*** Block opens ***
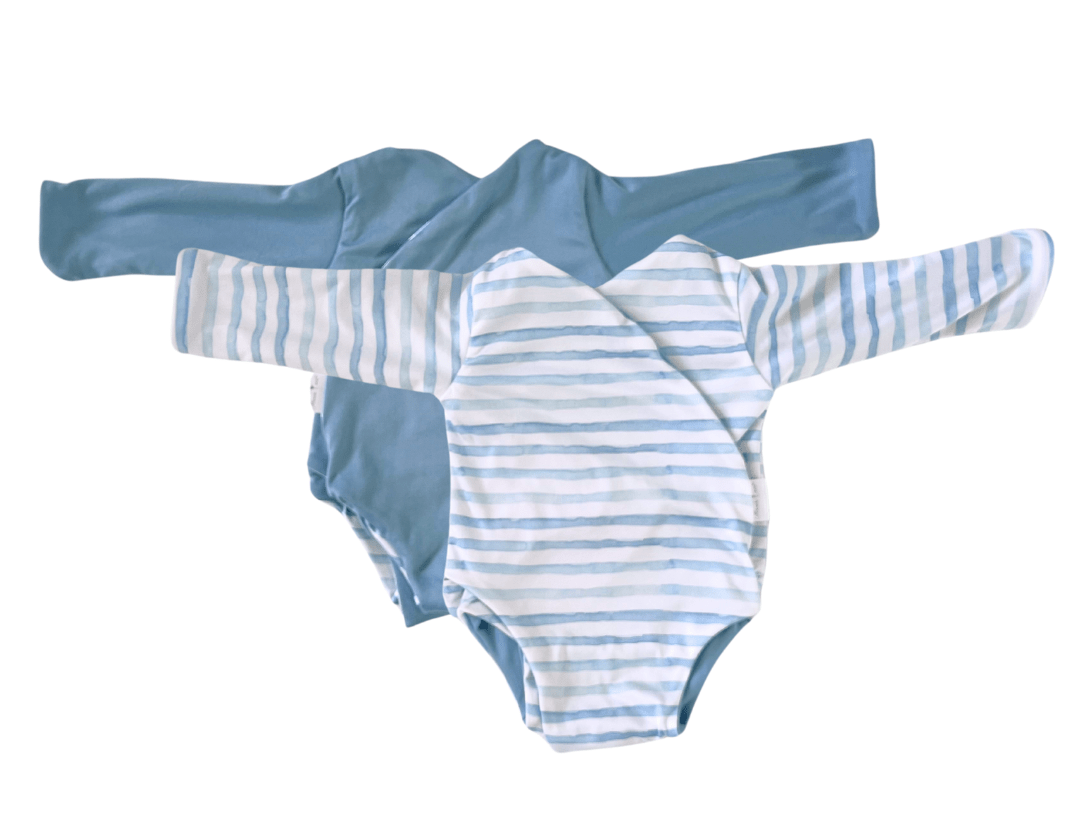 Reversible chambray waves design long-sleeve baby onesie in classic brushed fabric.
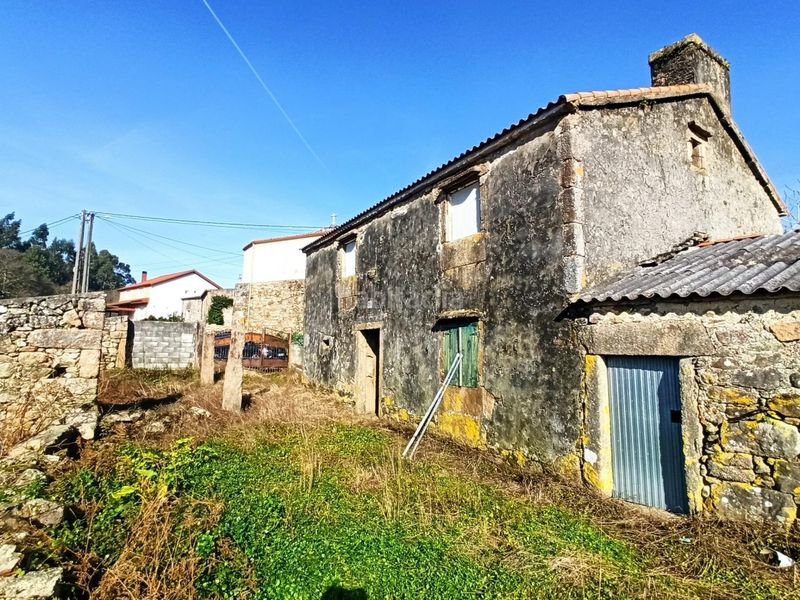Foto fbf0f077-3cda-4578-a960-a6e464170eaf. Masia a Camariñas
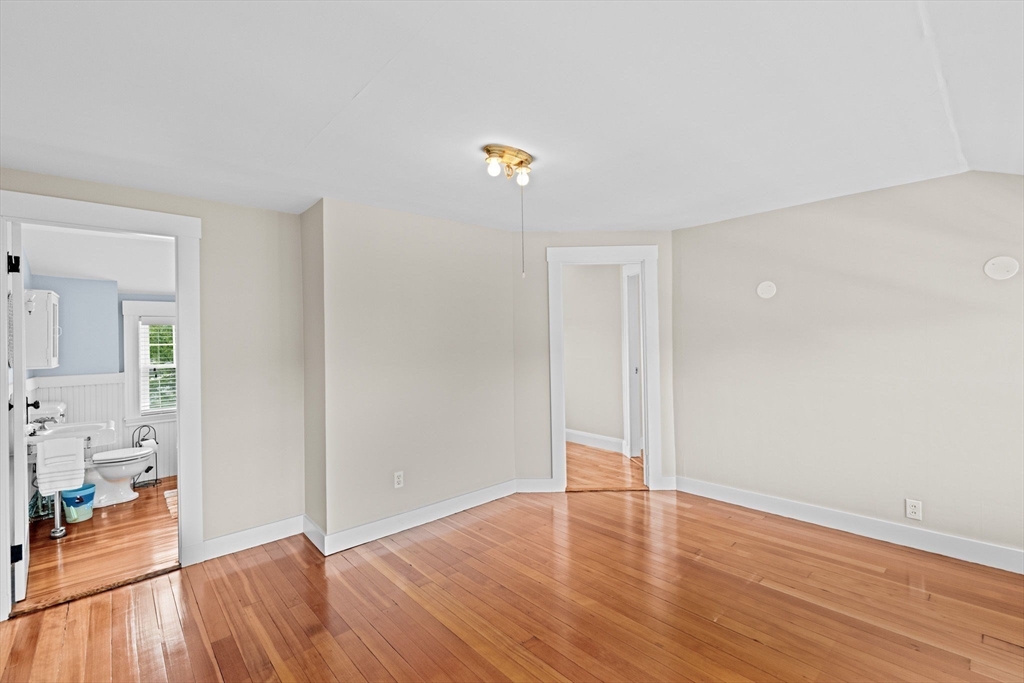 14 Maypole Road Quincy, MA 02169 - Photo 29 of 42 Gallery Image 29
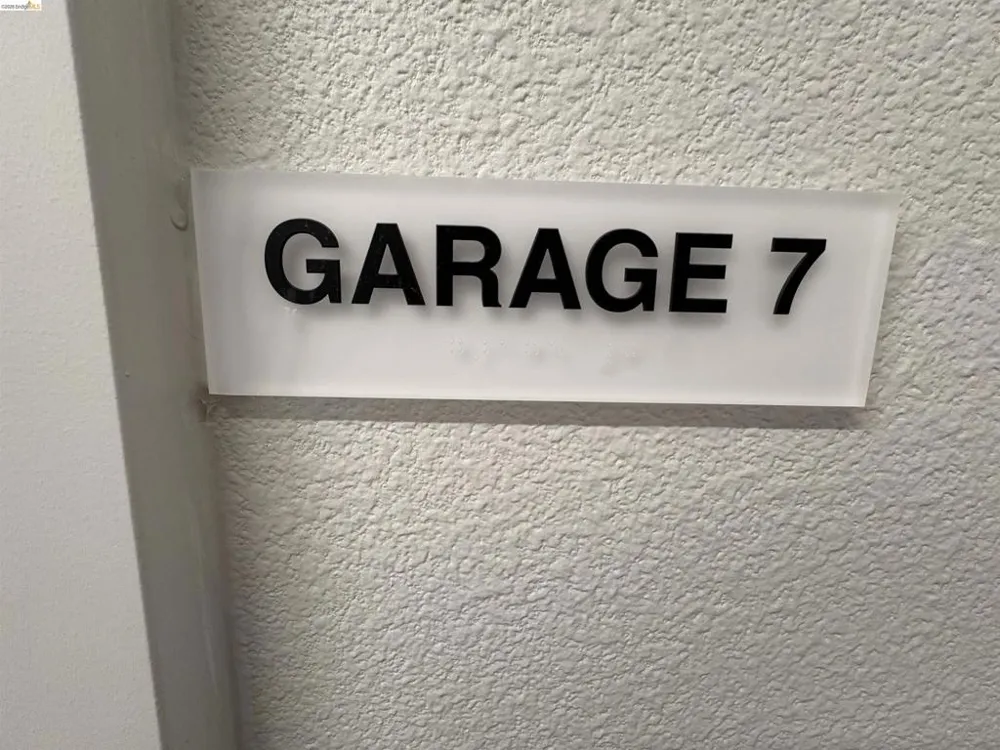 10300 San Pablo Ave #103 El Cerrito, CA 94530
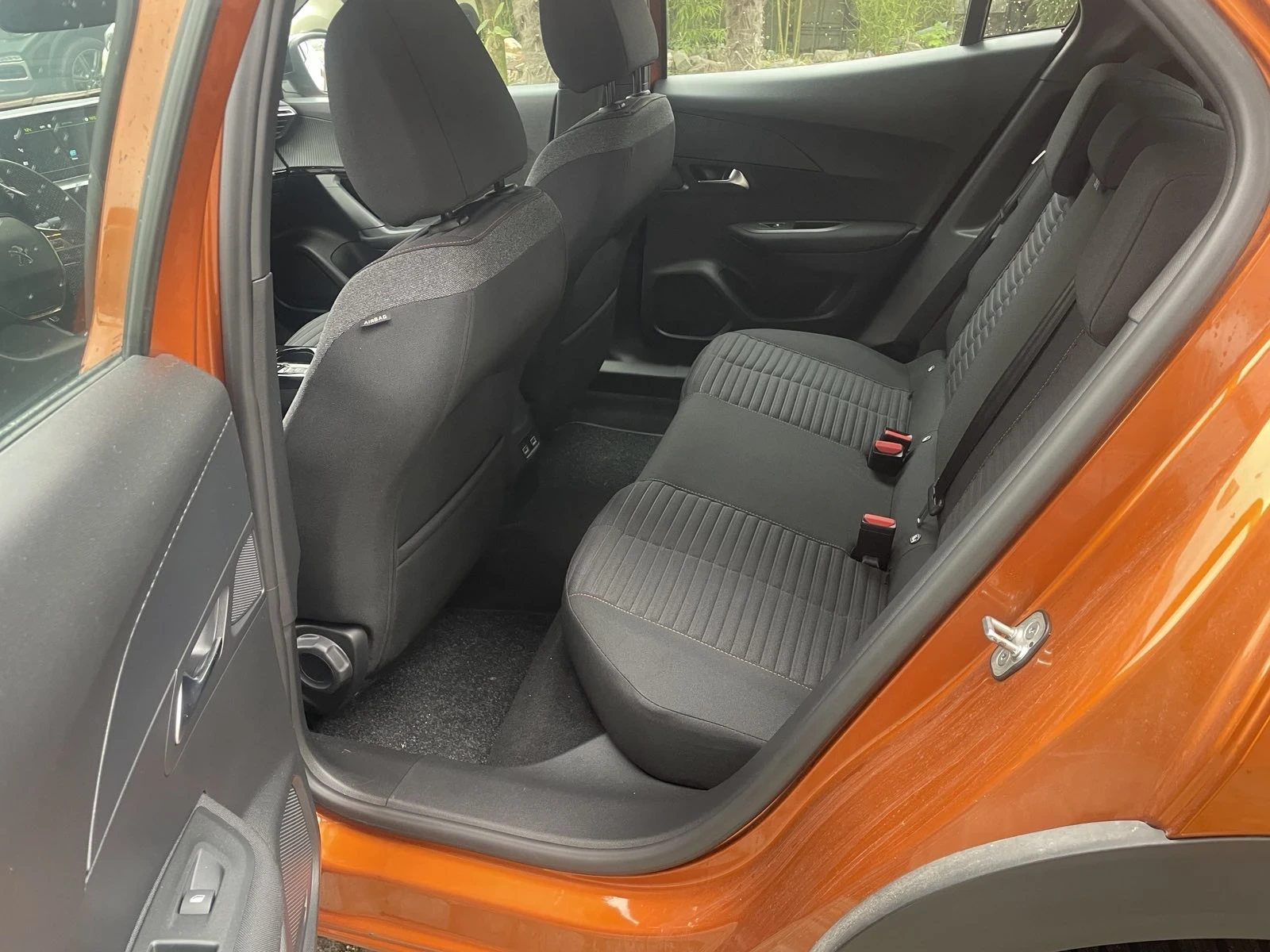 Peugeot 2008 EV - изображение 8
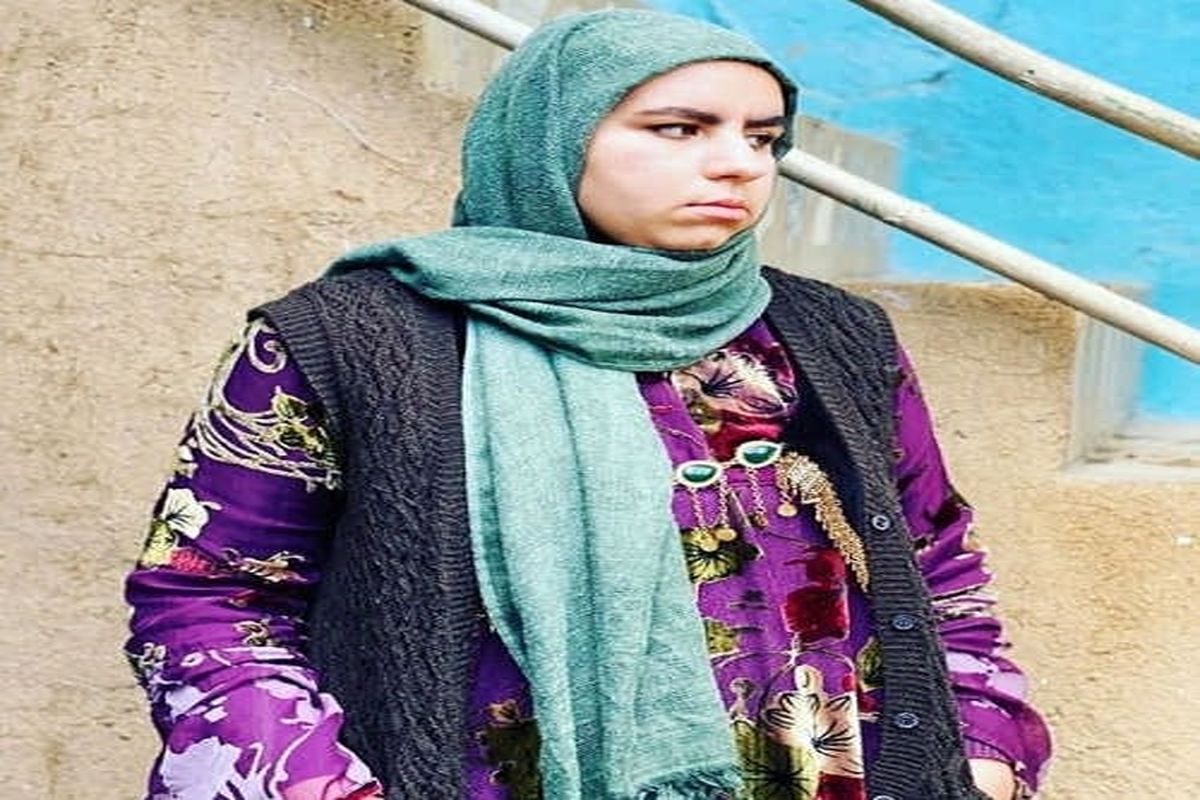 صهبا شرافتی بازیگر نقش روناک در نون خ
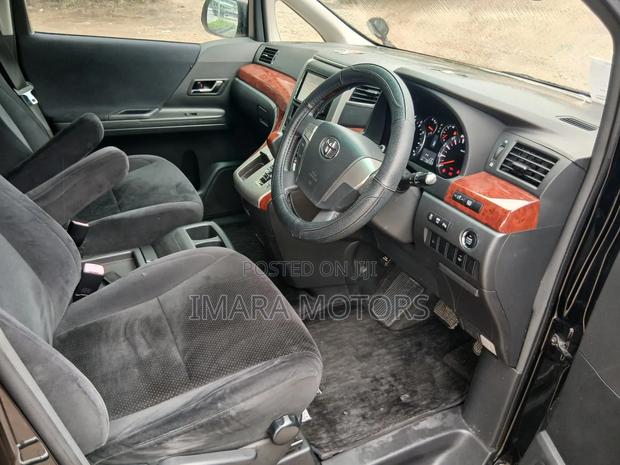 Toyota Vellfire 2010 Black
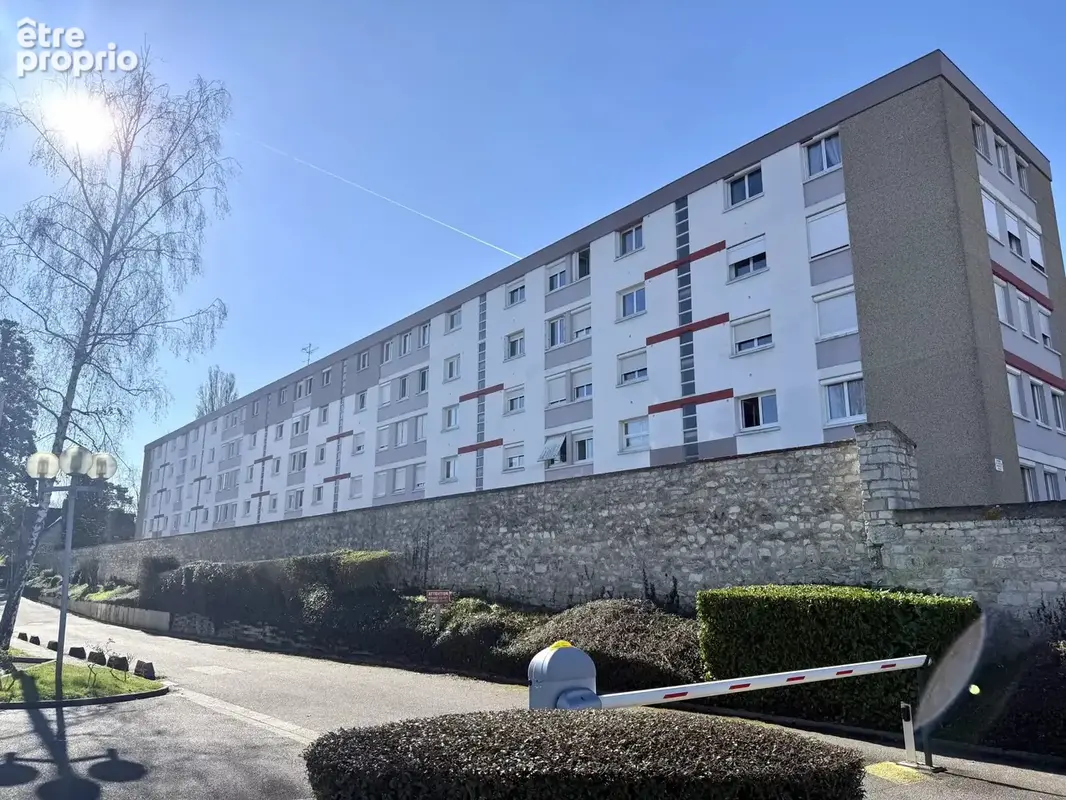 VERNON - Appartement F2 de 42 m2 avec Parking et Cave - photo 2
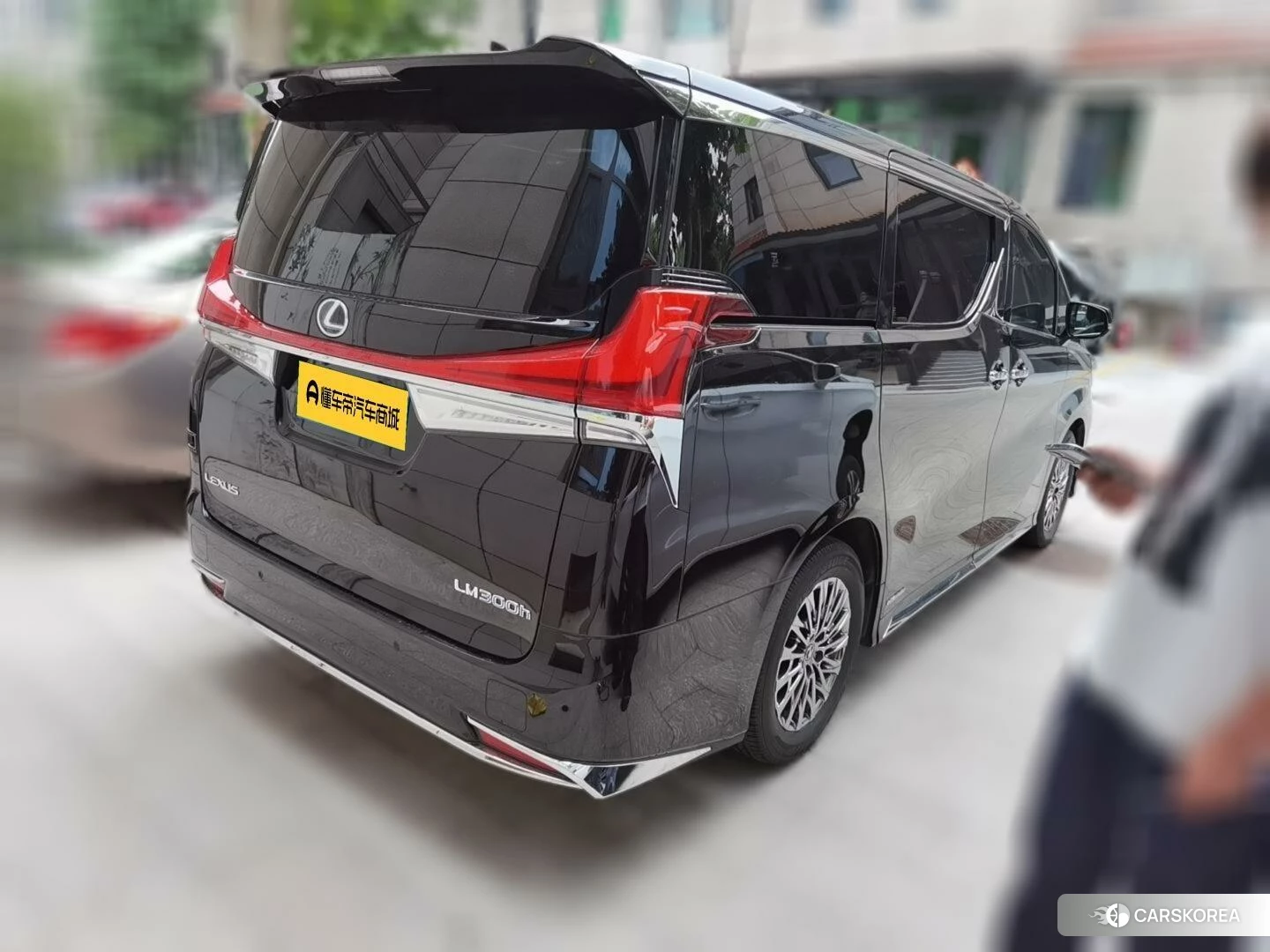 Lexus LM id 4468166 из Китая 12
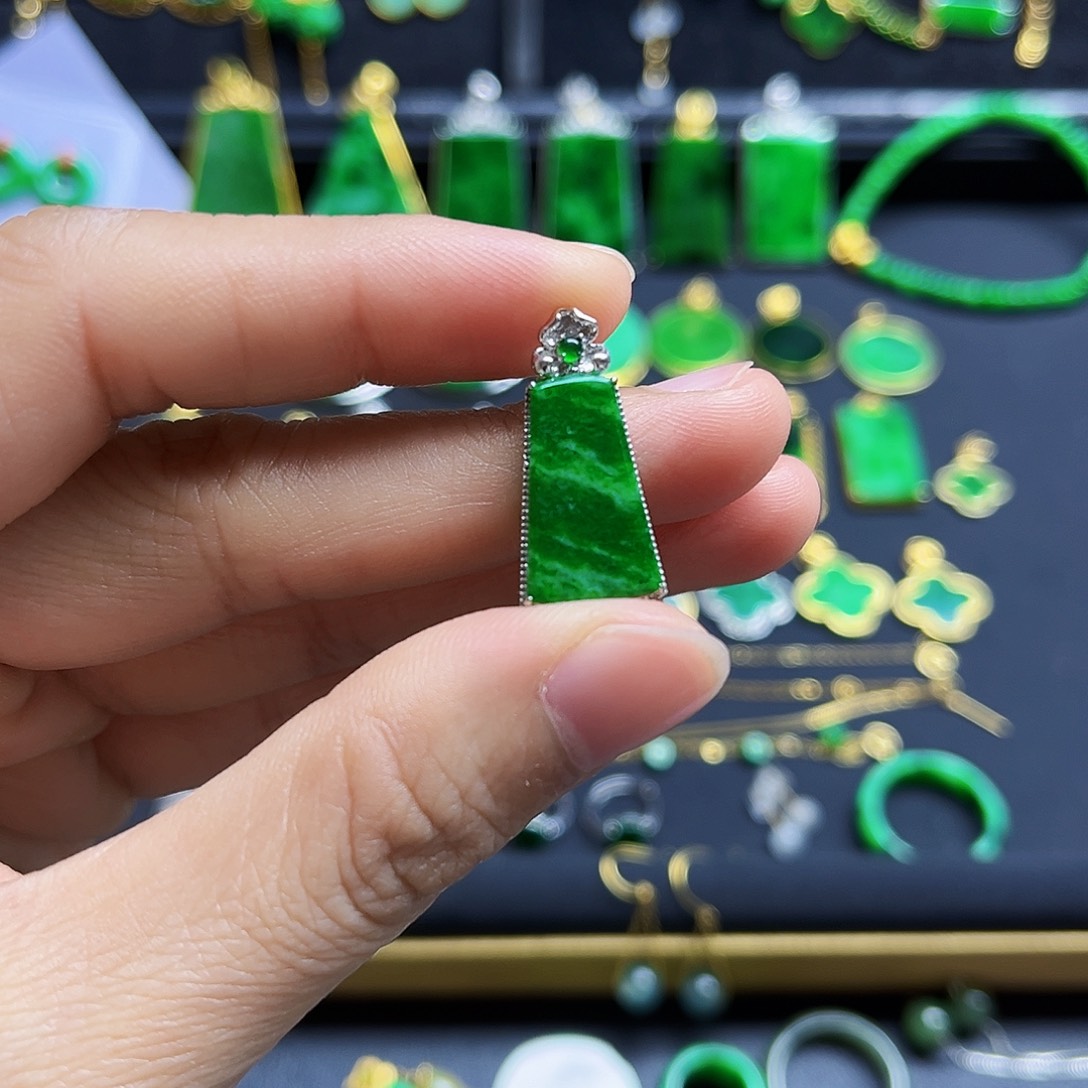 翡翠18K金镶嵌颈饰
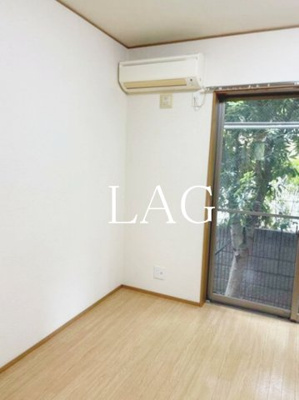 【居間・リビング】 | メゾン・ボーヴュ | 洋室のお部屋です。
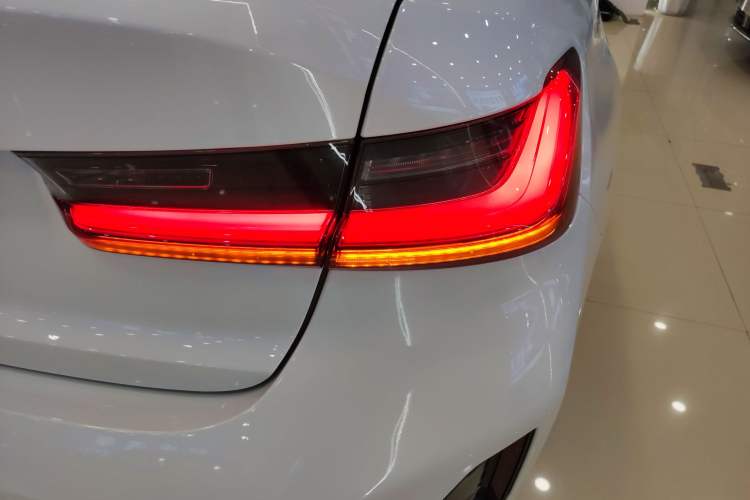 Used BMW 3 Series 2024 325Li M Sport Package Exterior 3
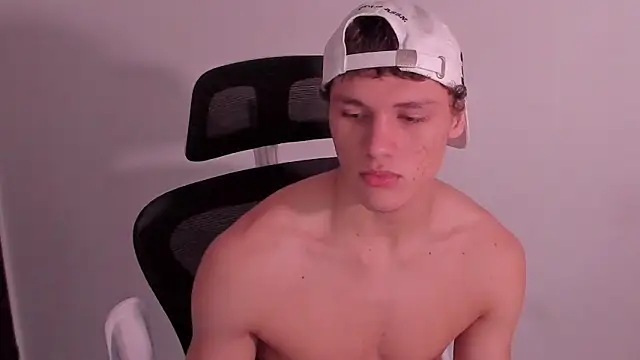 laurent nova online show from April 10, 2026, 7:29 pm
*** Block closes ***
Assignment —
The material above is to be transcribed exactly, with its images omitted.

Answer to the problem —
 Reversible chambray waves design long-sleeve baby onesie in classic brushed fabric.
Foto fbf0f077-3cda-4578-a960-a6e464170eaf. Masia a Camariñas
 14 Maypole Road Quincy, MA 02169 - Photo 29 of 42 Gallery Image 29
 10300 San Pablo Ave #103 El Cerrito, CA 94530
 Peugeot 2008 EV - изображение 8
 صهبا شرافتی بازیگر نقش روناک در نون خ
 Toyota Vellfire 2010 Black
 VERNON - Appartement F2 de 42 m2 avec Parking et Cave - photo 2
 Lexus LM id 4468166 из Китая 12
 翡翠18K金镶嵌颈饰
 【居間・リビング】 | メゾン・ボーヴュ | 洋室のお部屋です。
 Used BMW 3 Series 2024 325Li M Sport Package Exterior 3
 laurent nova online show from April 10, 2026, 7:29 pm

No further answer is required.